Meade grinned. ‘Yeah, I was getting kinda maudlin just then, wasn’t I?’

‘Yeah, you kinda were,’ Blackstone agreed, smiling as he imitated the young detective sergeant.

Meade squared his shoulders and turned his attention to the stack of plain white paper which was on the desk in front of him. He peeled off the top sheet and wrote ‘1’ on it in pencil.

‘Send in the first of the informants,’ he called out to Officer Turcotte, who was waiting in the corridor.

Turcotte shepherded the potential informant into the room. It was a man somewhere in his late thirties. He was unshaven, had bad teeth, and emitted an essence of eau de vie de sewer, even from a distance.

‘Name?’ Meade said.

‘Dickie Thomas.’

Meade wrote it down.

‘Occupation?’

‘Well. . you know, Sergeant.’

‘No, as a matter of fact, I don’t,’ Meade replied sharply.

‘I do a bit o’ this, an’ I do a bit o’ that.’

‘Address?’

‘I’m kinda between addresses at the moment.’

‘No fixed abode,’ Meade wrote down. ‘So what have you got to tell me, Mr Thomas?’

‘I seen him.’

‘Inspector O’Brien?’

‘That’s right.’

‘Where?’

‘O’Malley’s Saloon.’

‘When?’

‘Tuesday night.’

‘Give me all the details.’

‘O’Malley was standin’ behind the counter, and this cop walks up to him, bold as brass, and asks for his bribe money.
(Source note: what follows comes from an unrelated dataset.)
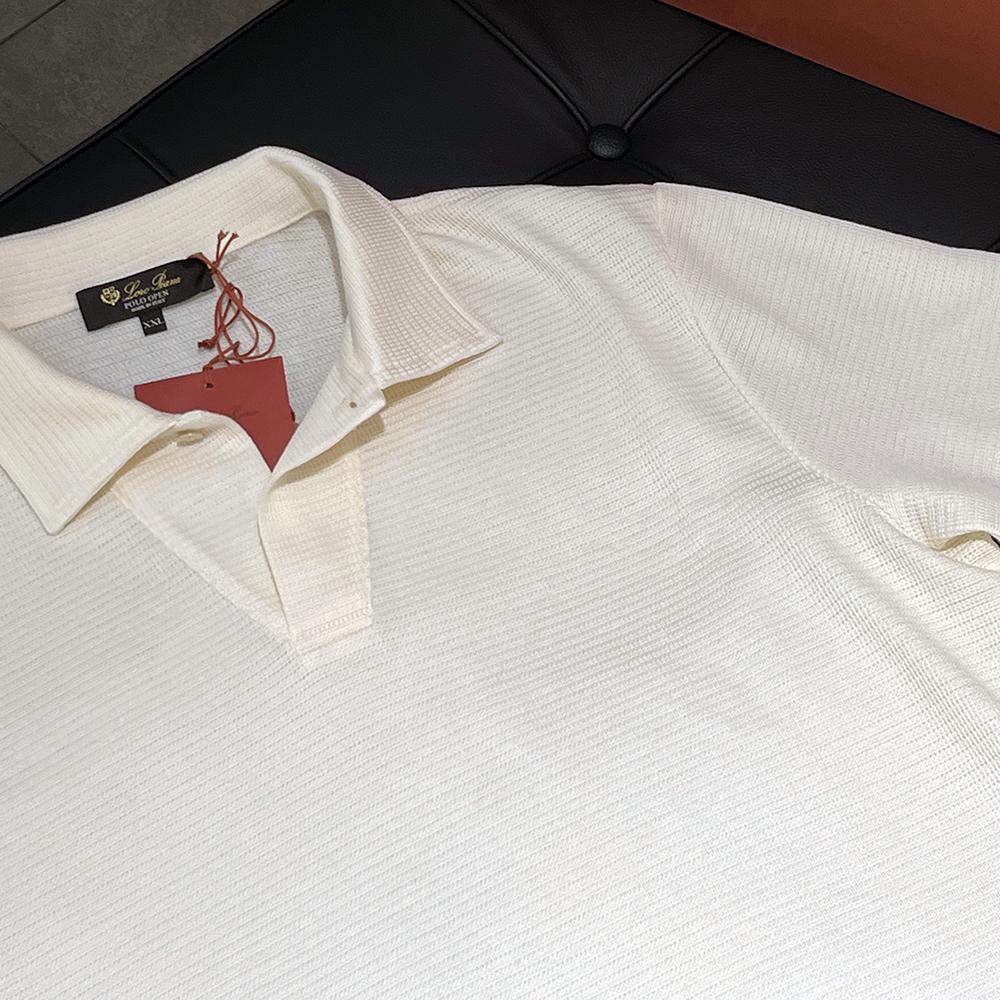 Loro Piana Perlé de Ope Cotton Polo Shirt Ivory Men’s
Well, O’Malley says business is bad, an’ he can’t afford to pay this week, and this inspector says in that case he’ll be closing the place down.’ Thomas paused for a second. ‘I just had a thought,’ he continued unconvincingly.

‘Well, that must be a novelty,’ Meade said.

‘You what?’

‘Tell me about this thought you’ve just had.’

‘Ain’t it obvious?’

‘Not to me.’

‘It was O’Malley what killed him.’

‘And why should he have done that?’

‘To stop him from closin’ the place down, o’ course.’ Thomas held out a dirty hand, palm up. ‘Can I have my money now?’

‘I don’t think the inspector was ever in O’Malley’s Saloon,’ Meade said. ‘I think you made all that up.’

‘I didn’t,’ Thomas told him. ‘I swear I didn’t.’

‘And the reason I think you made it all up was because I know for a fact that, when Inspector O’Brien went out collecting bribes, he always wore his lucky green hat.’

‘What?’

‘He always wore his lucky green hat when he was collecting his bribes. And you never mentioned that.’

‘Didn’t I?’ Thomas asked. ‘I thought I did.’

‘No.’

‘Then I must just have forgotten to.’

‘So he was wearing the hat?’

‘Yes, he was. He definitely was.’

‘With the pink feather in the hatband?’

‘That’s the one.’

‘And with the small wooden duck, sewn on to the crown?’

‘I. . er. . don’t think I saw that,’ Thomas said uncertainly. ‘Maybe it had fallen off before he went into the saloon.’

Meade screwed up the sheet of paper, and threw it into the bin.

‘Officer Turcotte, please show this man out, and then bring me the next one,’ he said.

‘O’ course, the little wooden duck!’ Thomas said wildly. ‘Painted yellow, wasn’t it? I didn’t notice it at first, because the lightin’ in O’Malley’s Saloon is very poor. .’

‘No, it isn’t.’

‘An’ besides, my eyesight ain’t what it was.’

But despite his protest, Thomas knew as well as Meade did that the game was up, and when the officer grabbed hold of his arm and hauled him to his feet, he did not resist.

Meade did not seem in the least discouraged by the way that the interview had gone.

‘When you’re panning for gold, you have to sift a lot of silt before you get to the nugget,’ he said.

‘True,’ Blackstone agreed.

But he was thinking that sometimes there wasn’t even a nugget there for you to find.

FOURTEEN

Meade wrote ‘27’ at the top of the clean white sheet of paper and then looked up at the girl.

She was perhaps nineteen or twenty, but she was wearing as much powder and rouge as a woman with sixty years of ravages to hide. Her dress was of good quality material, and had been cut not-so-much to show off her figure to its best advantage as to put her merchandise on display. She could, perhaps, have been called a lady, but only if the words ‘of the night’ were added as a qualification.